The first, and most important, would be an Indian decision to stop producing fissile materials for nuclear weapons, perhaps as part of a multilateral moratorium. A multilateral production halt would make a major contribution to fighting nuclear terrorism by capping stocks of bomb-making materials worldwide and thereby making those stocks easier to secure against theft or seizure.

Without such a production moratorium in place, the U.S.-India deal could actually facilitate an increase in India’s nuclear weapons capability. India’s indigenous uranium supplies are quite limited, and must now be used to meet both civil and military requirements. A newly-acquired ability to import uranium for civil needs would free up domestic supplies to be used exclusively in the weapons program, permitting a substantial build-up if the Indian government so decided.

India has said that it is willing to assume the same responsibilities and practices as the other nuclear powers. It so happens that the five original nuclear weapon states have all stopped producing fissile materials for nuclear weapons, India should be asked to join them.

Second, India should be asked to play a more active role in helping the U.S. address today’s most acute proliferation challenges, especially Iran. India’s “yes” vote on the recent IAEA Board resolution that found Iran in non-compliance with its nonproliferation obligations was a welcome step. But since that vote, the Indians have tried to mollify Iran, saying they had acted in Iran’s interest by getting the Europeans to back down from pursuing referral to the U.N. Security Council. The key test in the months ahead will be whether India makes a sustained and determined effort to persuade Iran to forgo its own enrichment capability and whether, if it becomes necessary, India votes yes to refer the question to the Security Council.

Third, the risks of the nuclear deal could be reduced by preserving a distinction between NPT parties and non-parties in terms of the nuclear exports they would be permitted to receive. By calling for “full” nuclear cooperation with India, the deal undermines the long-standing principle of giving NPT parties benefits in the civil nuclear energy area unavailable to non-Parties. A semblance of that principle should be preserved by excluding from permissible cooperation with India equipment, materials, and technology related to enrichment, reprocessing, and other sensitive fuel-cycle facilities. This would permit India to acquire uranium, enriched fuel, and nuclear reactors, but would retain the ban on transfers of those items most closely related to a nuclear weapons program.

Fourth, nonproliferation risks could be reduced by implementing the nuclear deal in a country-neutral manner – not as a special exception to the rules for India alone. A problem with the India-only exception is that it accentuates concerns that the U.S. is acting selectively and self-servingly on the basis of its own foreign policy calculations rather than on the basis of objective factors related to nonproliferation performance.
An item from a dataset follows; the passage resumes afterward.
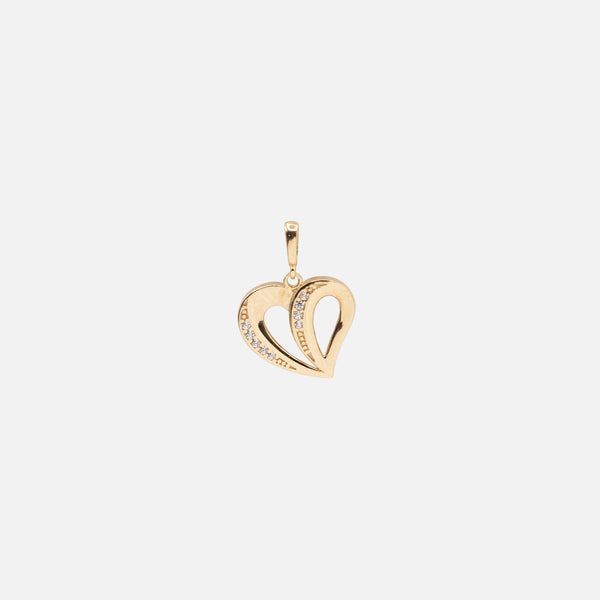 Load image into Gallery viewer, Separate Heart Charm with Cubic Zirconia in 10k Gold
To avoid this pitfall without opening the door to nuclear cooperation in cases where it is not merited, modifications should be made in U.S. law and the Nuclear Suppliers Group guidelines that would permit nuclear cooperation with any state not party to the NPT that meets certain criteria of responsible nuclear behavior. The criteria would address such questions as nuclear testing, fissile material production, safeguards at civil nuclear facilities, efforts to deal with cases like Iran, export controls, measures to secure nuclear materials against theft or seizure, and cooperation in interdicting illicit nuclear shipments and eradicating illicit trafficking networks.

Taken together, these improvements in the July 18th nuclear deal would transform a net nonproliferation loss into a net nonproliferation gain. They would enable the U.S. to advance its strategic goals with India as well as its nonproliferation interests – not serve one at the expense of the other.

Robert Einhorn is Senior Adviser, Center for Strategic and International Studies and former Assistant Secretary of State for Nonproliferation 1999-2001.